If money had been always the profane thing it came to be later, how could the intervention of a spiritual authority, which would then obviously have no concern with money, be explained, and how would it be possible to understand that many traditions speak of coinage as of something really charged with a ’spiritual influence’, the action of which could not become effective except by means of the symbols that constituted its normal ‘support’?

The control of money by the spiritual authority, in whatever form it may have been exercised, is by no means exclusively confined to antiquity, for without going outside the Western world, there is much to indicate that it must have been perpetuated until toward the end of the Middle Ages, that is, for as long as the Western world had a traditional civilization. It is impossible to explain in any other way the fact that certain sovereigns were accused at this time of having ‘debased the coinage’; since their contemporaries regarded this as a crime on their part, it must be concluded that the sovereigns had not the free disposal of the standard of the coinage, and that, in changing it on their own initiative, they overstepped the recognized rights of the temporal power.

If that were not the case, the standard of the coinage would only then have had an importance based on convention, and it would not have mattered, broadly speaking, if it had been made of any sort of metal, or of various sorts, or even been replaced by mere paper as it is for the most part today, for this would have been no hinderance to the continuance of exactly the same ‘material’ employment of it.
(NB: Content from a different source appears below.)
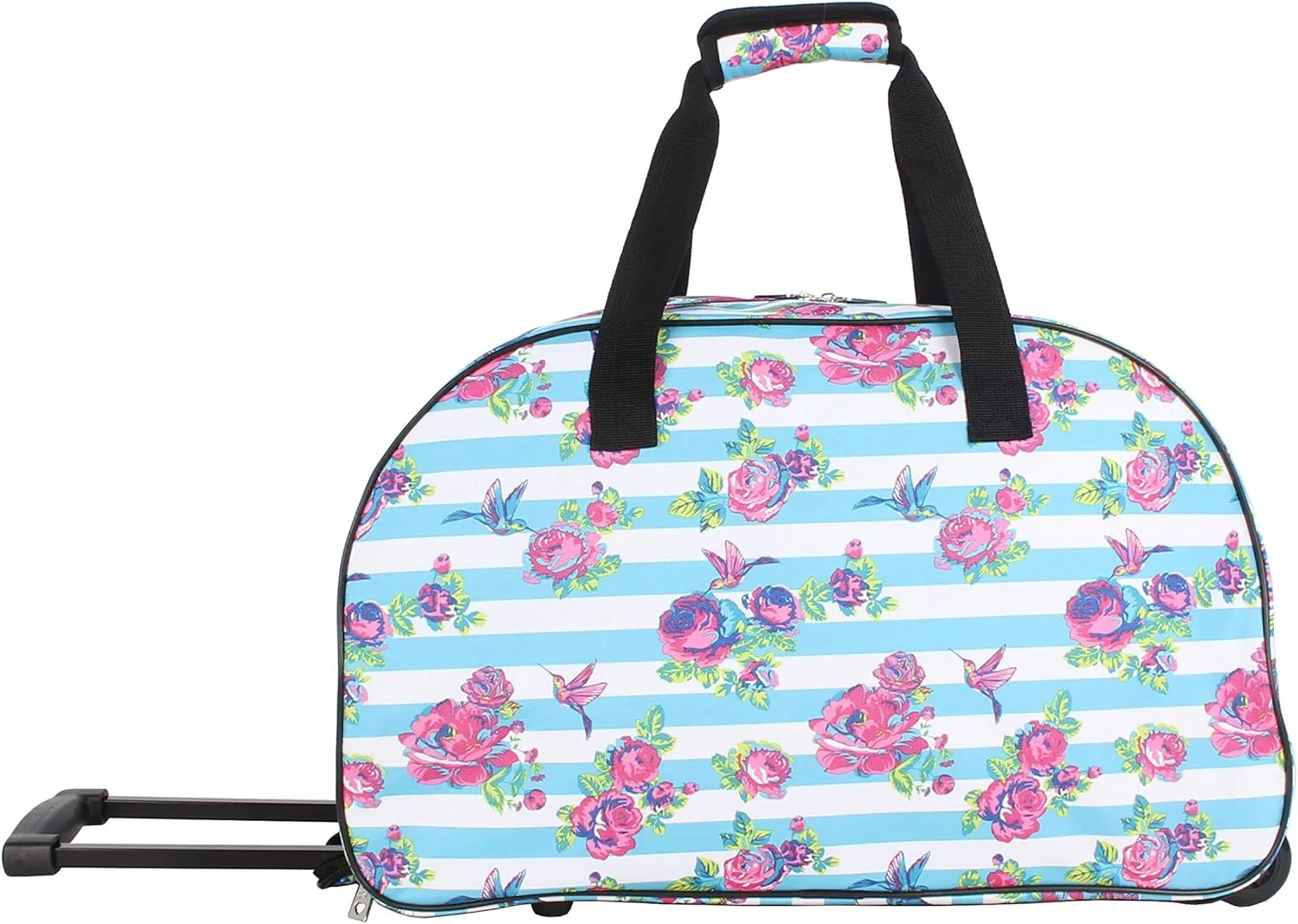 Betsey Johnson Designer Carry On Luggage Collection - Lightweight Pattern 22 Inch Duffel Bag- Weekender Overnight Business Travel Suitcase with 2- Rolling Wheels (Stripe Floral)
An element of another order must therefore have been involved, and it must have been of a superior order, for unless that had been the case the alteration could not have assumed a character so exceptionally serious as to end in compromising the very stability of the royal power.
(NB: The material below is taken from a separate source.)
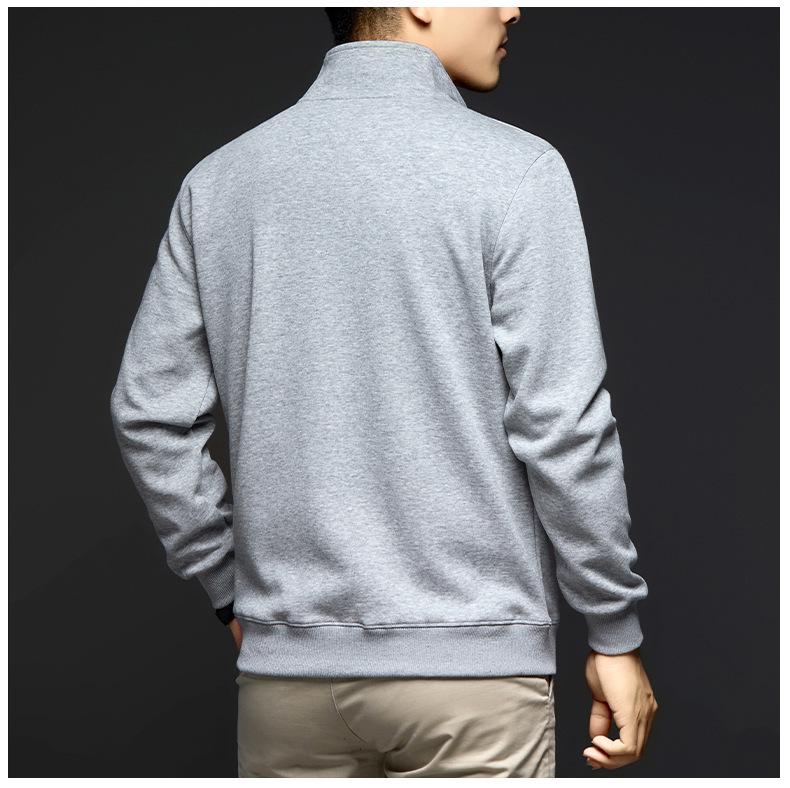 2025 Autumn Men's Stand-Up Collar Combed Cotton Jacket: Casual Sport Fashion Solid Color Cardigan Sweatshirt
What has happened in the case of money is but an example of a much more general movement, affecting all activities in every department of human existence; all have been gradually divested of any ‘sacred’ or traditional character, and thereby that existence itself in its entirety has become completely profane and is now at last reduced to the third-rate mediocrity of ‘ordinary life’ as it is found today. By continuously surrounding man with the products of modern industry, and so to speak never letting him see anything else (except, as in museums for example, in the guise of mere ‘curiosities’ having no relation with the ‘real’ circumstances of his life and consequently no effective influence on it), he is really compelled to shut himself up inside the narrow circle of ‘ordinary life’, as in a prison without escape. In a traditional civilization, on the contrary, each object was at the same time as perfectly fitted as possible to the use for which it was immediately destined and also made so that it could at any moment, and owing to the very fact that real use was being made of it (instead of its being treated more or less as a dead thing as the moderns do with everything that they consider to be a ‘work of art’), serve as a ‘support’ for meditation, linking the individual with something other than the mere corporeal modality, thus helping everyone to elevate himself to a superior state according to the measure of his capacities: what an abyss there is between these two conceptions of human existence!
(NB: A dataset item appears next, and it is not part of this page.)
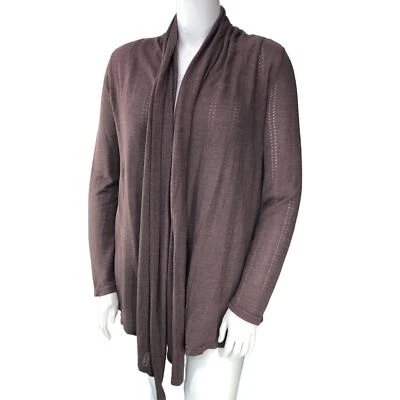 Cárdigan tejido marrón suéter talla mediana grande Fresh Produce abierto hecho en EE. UU. Foto 1 de 4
Since money lost all guarantee of a superior order, it has seen its own actual quantitative value, or what is called in the jargon of the economists its ‘purchasing power’, becoming ceaselessly less and less, so that it can be imagined that, when it arrives at a limit that is getting ever nearer, it will have lost every justification, and that it will disappear of itself, so to speak, from human existence. Since pure quantity is by its nature beneath all existence, when the trend toward it is pressed to its extreme limit, as in the case of money, the end can only be a real dissolution.